Searcy’s freshman year is fully paid for with scholarships. And although college has just begun, Vanderbilt's hefty price tag looms large for sophomore year.
“It’s almost that time for me to start looking for scholarships for next year,” Searcy said. “You always want to keep your GPA up, so that you can stick out from some of the other freshmen who may not have worked as hard, or may have had a fluke semester."
But, said Searcy, finding time to get in everything she wants and needs to do — from setting up a campus job to joining groups to gabbing with new friends in the dorm — has proven a challenge.
“I didn’t realize how hard it would be, because every day could be a party if you wanted it to be,” she said. “I thought, OK, I can prioritize easily, people are just exaggerating. But literally every time I come to my dorm and there are people there, and of course they’re friends, every time I come in we’re just talking, and I’m like, ‘Guys, we have homework to do.’”
Searcy’s not alone. Many first-year students struggle to find time to enjoy all their schools have to offer while succeeding at college’s number one purpose: learning.
According to research, the trick to doing it all may be just that: Go ahead and do it all.
“One of the things that we have found is that actually some of the busiest students have some of the best grades,” said Alex McCormick, Associate Professor of Educational Leadership and Policy Studies at Indiana University Bloomington, and the director of the National Survey of Student Engagement (NSSE). “You get this a fair amount with athletes — people who have their schedules really full, they know they have to stay on top of things. And they can’t afford to get behind, because then all is lost.”
McCormick cautioned that students shouldn’t overcommit, but that they should stay busy so that organization becomes a reflex.
“If you look at students who say they have mostly As, about 30 percent say they’re spending more than 20 hours a week studying,” McCormick said. “And with mostly Bs, it’s about 21 percent, and with mostly Cs it’s 16 percent. It’s not rocket science, but they do have to take responsibility for their learning.”
For Searcy and many like her, stakes are high. And many college students don’t know about campus resources that could actually help them learn more efficiently.
“It’s not just balancing time, but how you use the time, and taking advantage of the resources that are available to you,” McCormick said. “We don’t do a really good job of teaching students how to be students. We teach them the material, we give them the textbooks, we administer the tests, but we don’t actually spend a lot of time saying, ‘Hey, do you know how you can be an effective learner?”
Amy Lenhart, a college counselor at Collin College in Frisco, Texas, and the president of the American College Counseling Association, tells students to make a weekly chart and make study time non-negotiable.
“A lot of times, going from high school to college, students really don’t have an understanding of how long it’s going to take them to study,” she said. “The recommendation when you’re in college is for every hour of a one-credit class, you’re supposed to study 2-3 hours outside of class. For a three-hour class twice a week, you should be studying at least 4-6 hours a week just for that one class.”
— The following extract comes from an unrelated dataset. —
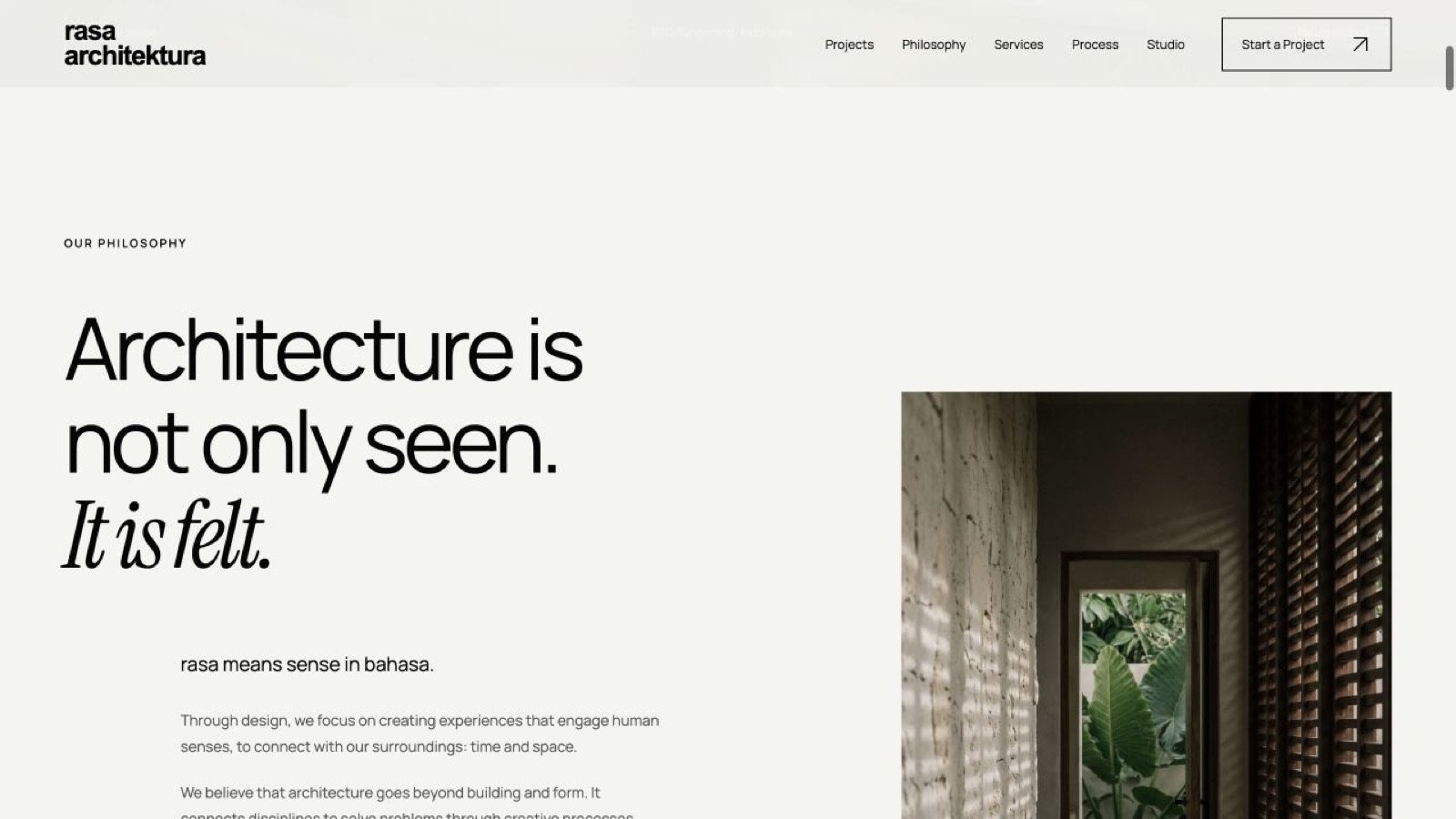 Screenshot of the Rasa Architektura concept website: philosophy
Extracurriculars are important too, of course, as is good old-fashioned socializing. And after that, there’s sleep (something college students are desperately in need of, according to studies), and time to themselves.
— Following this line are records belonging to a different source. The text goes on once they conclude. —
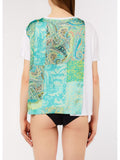 LIU JO BEACHWEAR T-shirt con inserti bandana sul retro e logo BIANCO MLT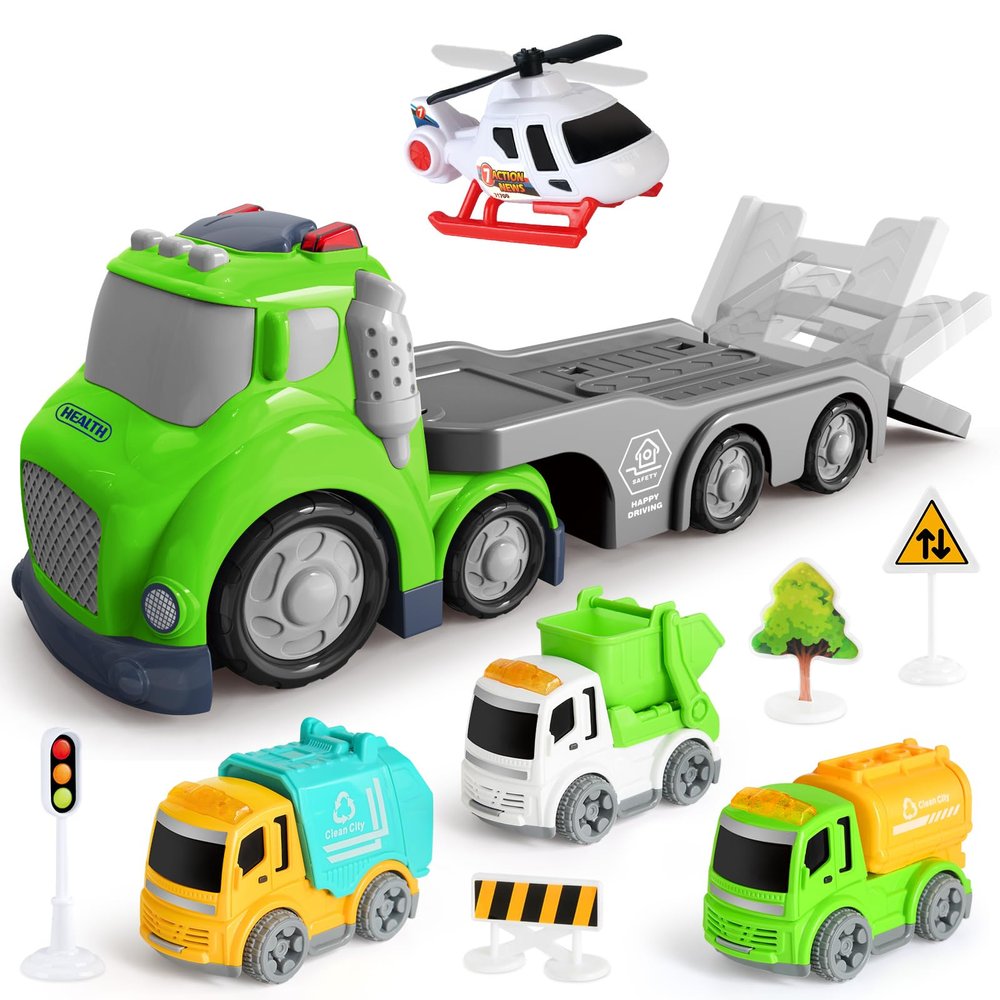 IJIGU Truck Toys for Toddler 1, 2, 3, 4 Year Old Boy, City Sanitation Transport Trucks Toy Set, Ideal Christmas Birthday Gifts for Kids.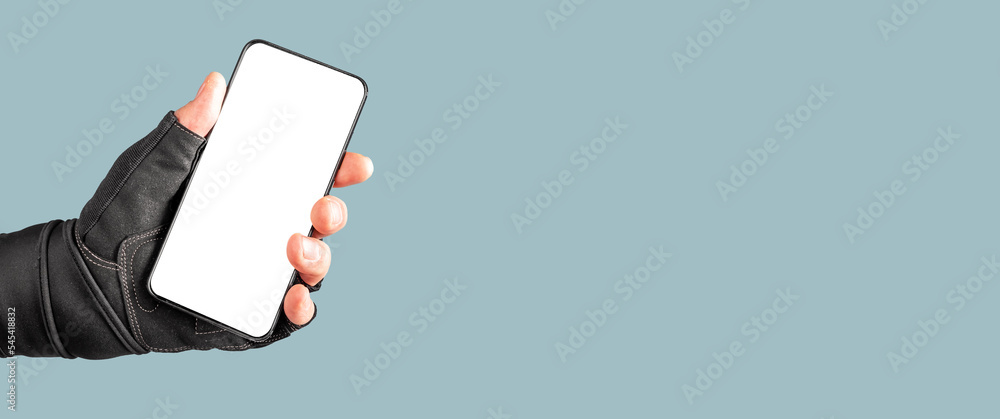 Poster mobile phone screen mock up for sport application. banner, background with copy space for text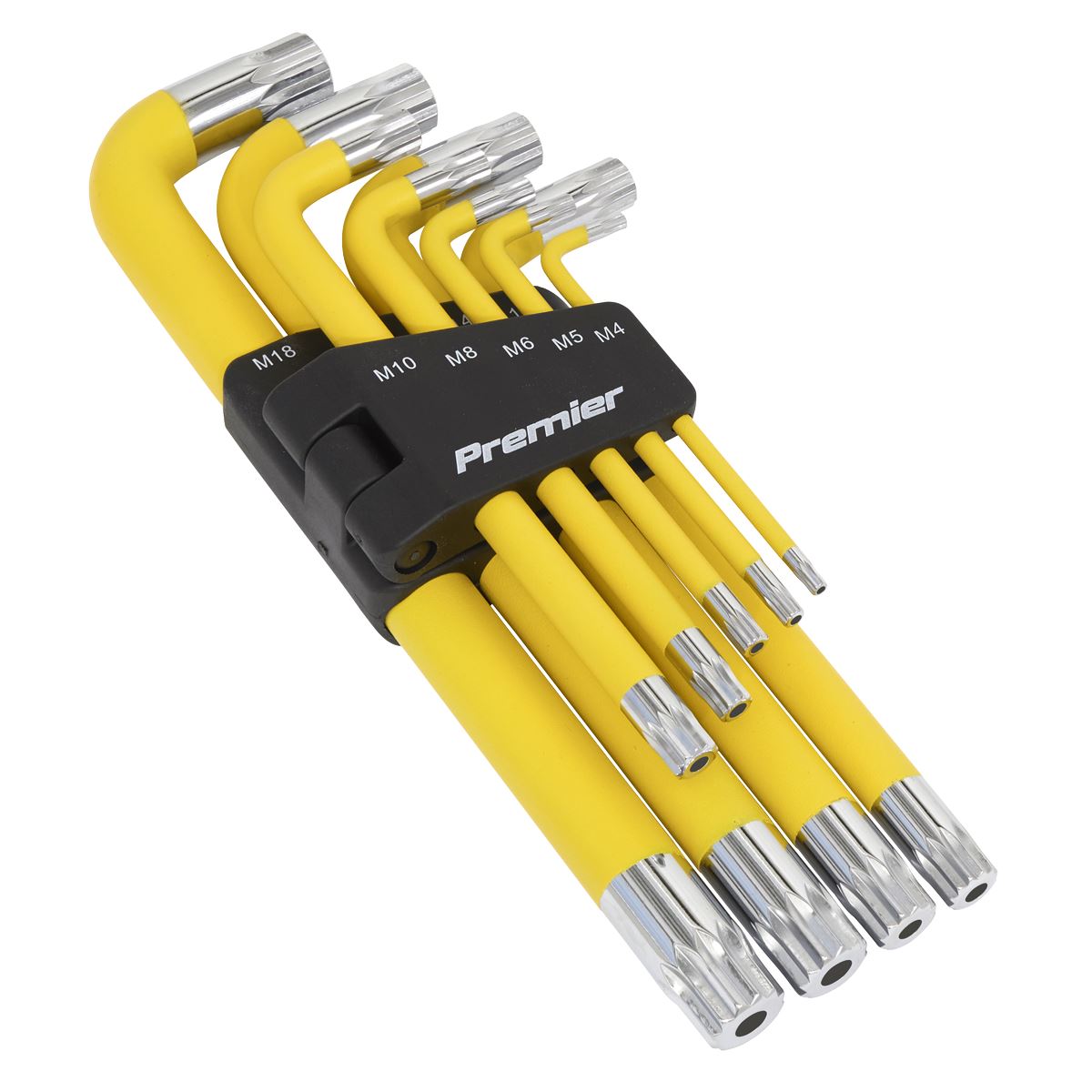 Sealey Premier Jumbo Spline Key Set 9 Piece Anti Slip M4-M18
“Studies show that even 10 minutes a day can totally rejuvenate you and reduce stress,” Lenhart said. “That helps you to have that balance, because when you have to study, it feels like all that time is being taken away.”
Another important consideration: Work. “Realize that if you’re going to work a full-time job and you’re also going to take a full schedule of classes, that’s actually two jobs you’re balancing,” Lenhart said. “And we often recommend that you only, if you can, work no more than 20-25 hours a week.”
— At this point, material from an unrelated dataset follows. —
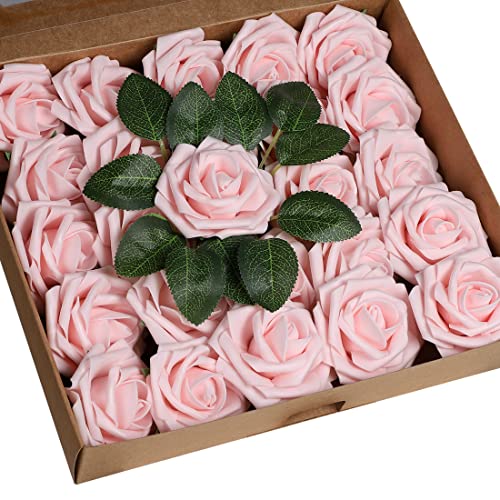 Anaoo Künstliche Rosen Blumen 25 Stück Kunstblumen Deko Schaumrosen Foamrosen Rosenköpfe Gefälschte Kunstrose Rose für DIY Geburtstagsdeko Hochzeitsdeko Blumensträuße Braut Dekoration, Rosa von Anaoo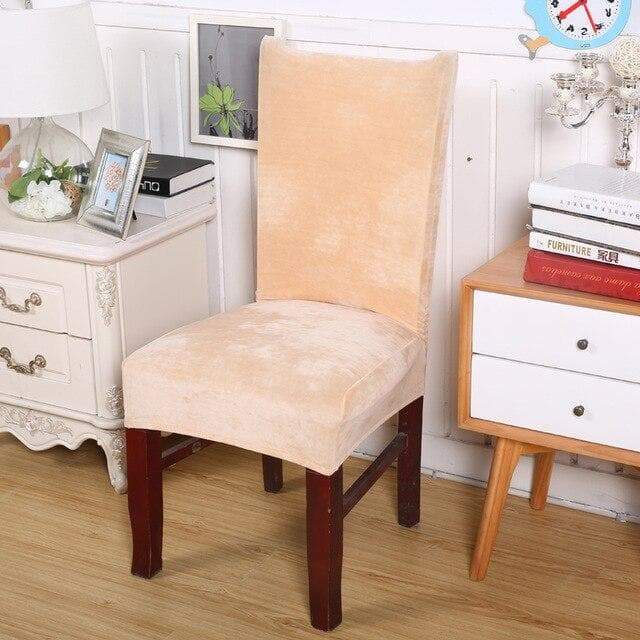 Salmon Pink Velvet Chair Cover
Finally, if the stress of doing it all while trying to enjoy it all feels like too much, seek out counseling.
“When you feel so overwhelmed that you don’t function well on a daily basis, having a hard time with sleeping, your eating habits have changed, maybe you’re more irritated with people, all those are indicators that you should talk to somebody,” Lenhart said, “because maybe that stress is something more serious.”